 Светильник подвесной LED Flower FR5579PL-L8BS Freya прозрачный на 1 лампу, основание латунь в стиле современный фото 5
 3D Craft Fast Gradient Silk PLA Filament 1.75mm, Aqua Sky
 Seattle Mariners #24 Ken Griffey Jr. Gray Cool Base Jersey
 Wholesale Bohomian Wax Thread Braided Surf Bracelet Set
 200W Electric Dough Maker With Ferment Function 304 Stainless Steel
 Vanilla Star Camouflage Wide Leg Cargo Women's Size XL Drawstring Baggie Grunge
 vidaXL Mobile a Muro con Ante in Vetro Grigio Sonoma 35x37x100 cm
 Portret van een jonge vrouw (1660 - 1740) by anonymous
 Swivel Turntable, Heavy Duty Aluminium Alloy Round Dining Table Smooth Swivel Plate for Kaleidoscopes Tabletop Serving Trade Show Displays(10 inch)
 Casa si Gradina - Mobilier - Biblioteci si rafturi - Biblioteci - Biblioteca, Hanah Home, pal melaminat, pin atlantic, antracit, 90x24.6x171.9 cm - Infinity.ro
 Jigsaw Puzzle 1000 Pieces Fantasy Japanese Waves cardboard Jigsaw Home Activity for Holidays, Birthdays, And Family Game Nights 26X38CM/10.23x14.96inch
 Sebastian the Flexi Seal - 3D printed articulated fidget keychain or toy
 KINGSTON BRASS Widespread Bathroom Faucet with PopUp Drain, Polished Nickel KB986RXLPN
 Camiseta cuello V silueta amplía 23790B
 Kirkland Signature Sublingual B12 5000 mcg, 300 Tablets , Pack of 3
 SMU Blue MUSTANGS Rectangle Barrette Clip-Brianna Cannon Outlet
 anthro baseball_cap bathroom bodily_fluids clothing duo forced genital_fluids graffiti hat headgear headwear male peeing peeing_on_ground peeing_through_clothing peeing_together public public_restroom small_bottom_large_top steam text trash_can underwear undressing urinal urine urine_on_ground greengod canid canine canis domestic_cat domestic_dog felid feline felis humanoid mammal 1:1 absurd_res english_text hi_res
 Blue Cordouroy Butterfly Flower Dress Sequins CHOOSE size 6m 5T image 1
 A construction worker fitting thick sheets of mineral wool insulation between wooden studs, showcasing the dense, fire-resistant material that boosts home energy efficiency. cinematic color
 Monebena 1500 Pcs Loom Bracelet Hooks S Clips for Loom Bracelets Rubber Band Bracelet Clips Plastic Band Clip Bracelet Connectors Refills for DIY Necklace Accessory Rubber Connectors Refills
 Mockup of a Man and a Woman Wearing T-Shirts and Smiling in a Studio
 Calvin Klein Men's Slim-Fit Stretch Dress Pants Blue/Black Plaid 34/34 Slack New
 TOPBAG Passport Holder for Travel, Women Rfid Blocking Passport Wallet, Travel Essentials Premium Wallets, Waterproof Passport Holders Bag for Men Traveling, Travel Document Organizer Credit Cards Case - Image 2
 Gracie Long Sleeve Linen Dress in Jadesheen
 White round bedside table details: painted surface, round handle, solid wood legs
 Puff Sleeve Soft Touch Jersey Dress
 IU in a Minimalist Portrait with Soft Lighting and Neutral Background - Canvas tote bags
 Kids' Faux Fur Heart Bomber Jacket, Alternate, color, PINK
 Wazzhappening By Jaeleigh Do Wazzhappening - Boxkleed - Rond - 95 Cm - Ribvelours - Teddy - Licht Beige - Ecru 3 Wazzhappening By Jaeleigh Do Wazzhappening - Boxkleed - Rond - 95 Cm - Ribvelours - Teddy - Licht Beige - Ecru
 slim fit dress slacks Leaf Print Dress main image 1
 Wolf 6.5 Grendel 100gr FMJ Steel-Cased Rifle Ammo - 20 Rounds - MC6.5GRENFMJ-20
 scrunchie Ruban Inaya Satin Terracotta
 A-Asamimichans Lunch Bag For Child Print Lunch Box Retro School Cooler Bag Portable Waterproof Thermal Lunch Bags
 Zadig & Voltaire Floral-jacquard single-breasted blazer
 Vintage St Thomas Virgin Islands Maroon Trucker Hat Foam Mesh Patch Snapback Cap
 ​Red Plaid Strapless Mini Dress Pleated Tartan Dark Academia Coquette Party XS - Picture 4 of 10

Problem to solve:
Take the entries above and transcribe them exactly as they stand.

Exercise result:
 Светильник подвесной LED Flower FR5579PL-L8BS Freya прозрачный на 1 лампу, основание латунь в стиле современный фото 5
 3D Craft Fast Gradient Silk PLA Filament 1.75mm, Aqua Sky
 Seattle Mariners #24 Ken Griffey Jr. Gray Cool Base Jersey
 Wholesale Bohomian Wax Thread Braided Surf Bracelet Set
 200W Electric Dough Maker With Ferment Function 304 Stainless Steel
 Vanilla Star Camouflage Wide Leg Cargo Women's Size XL Drawstring Baggie Grunge
 vidaXL Mobile a Muro con Ante in Vetro Grigio Sonoma 35x37x100 cm
 Portret van een jonge vrouw (1660 - 1740) by anonymous
 Swivel Turntable, Heavy Duty Aluminium Alloy Round Dining Table Smooth Swivel Plate for Kaleidoscopes Tabletop Serving Trade Show Displays(10 inch)
 Casa si Gradina - Mobilier - Biblioteci si rafturi - Biblioteci - Biblioteca, Hanah Home, pal melaminat, pin atlantic, antracit, 90x24.6x171.9 cm - Infinity.ro
 Jigsaw Puzzle 1000 Pieces Fantasy Japanese Waves cardboard Jigsaw Home Activity for Holidays, Birthdays, And Family Game Nights 26X38CM/10.23x14.96inch
 Sebastian the Flexi Seal - 3D printed articulated fidget keychain or toy
 KINGSTON BRASS Widespread Bathroom Faucet with PopUp Drain, Polished Nickel KB986RXLPN
 Camiseta cuello V silueta amplía 23790B
 Kirkland Signature Sublingual B12 5000 mcg, 300 Tablets , Pack of 3
 SMU Blue MUSTANGS Rectangle Barrette Clip-Brianna Cannon Outlet
 anthro baseball_cap bathroom bodily_fluids clothing duo forced genital_fluids graffiti hat headgear headwear male peeing peeing_on_ground peeing_through_clothing peeing_together public public_restroom small_bottom_large_top steam text trash_can underwear undressing urinal urine urine_on_ground greengod canid canine canis domestic_cat domestic_dog felid feline felis humanoid mammal 1:1 absurd_res english_text hi_res
 Blue Cordouroy Butterfly Flower Dress Sequins CHOOSE size 6m 5T image 1
 A construction worker fitting thick sheets of mineral wool insulation between wooden studs, showcasing the dense, fire-resistant material that boosts home energy efficiency. cinematic color
 Monebena 1500 Pcs Loom Bracelet Hooks S Clips for Loom Bracelets Rubber Band Bracelet Clips Plastic Band Clip Bracelet Connectors Refills for DIY Necklace Accessory Rubber Connectors Refills
 Mockup of a Man and a Woman Wearing T-Shirts and Smiling in a Studio
 Calvin Klein Men's Slim-Fit Stretch Dress Pants Blue/Black Plaid 34/34 Slack New
 TOPBAG Passport Holder for Travel, Women Rfid Blocking Passport Wallet, Travel Essentials Premium Wallets, Waterproof Passport Holders Bag for Men Traveling, Travel Document Organizer Credit Cards Case - Image 2
 Gracie Long Sleeve Linen Dress in Jadesheen
 White round bedside table details: painted surface, round handle, solid wood legs
 Puff Sleeve Soft Touch Jersey Dress
 IU in a Minimalist Portrait with Soft Lighting and Neutral Background - Canvas tote bags
 Kids' Faux Fur Heart Bomber Jacket, Alternate, color, PINK
 Wazzhappening By Jaeleigh Do Wazzhappening - Boxkleed - Rond - 95 Cm - Ribvelours - Teddy - Licht Beige - Ecru 3 Wazzhappening By Jaeleigh Do Wazzhappening - Boxkleed - Rond - 95 Cm - Ribvelours - Teddy - Licht Beige - Ecru
 slim fit dress slacks Leaf Print Dress main image 1
 Wolf 6.5 Grendel 100gr FMJ Steel-Cased Rifle Ammo - 20 Rounds - MC6.5GRENFMJ-20
 scrunchie Ruban Inaya Satin Terracotta
 A-Asamimichans Lunch Bag For Child Print Lunch Box Retro School Cooler Bag Portable Waterproof Thermal Lunch Bags
 Zadig & Voltaire Floral-jacquard single-breasted blazer
 Vintage St Thomas Virgin Islands Maroon Trucker Hat Foam Mesh Patch Snapback Cap
 ​Red Plaid Strapless Mini Dress Pleated Tartan Dark Academia Coquette Party XS - Picture 4 of 10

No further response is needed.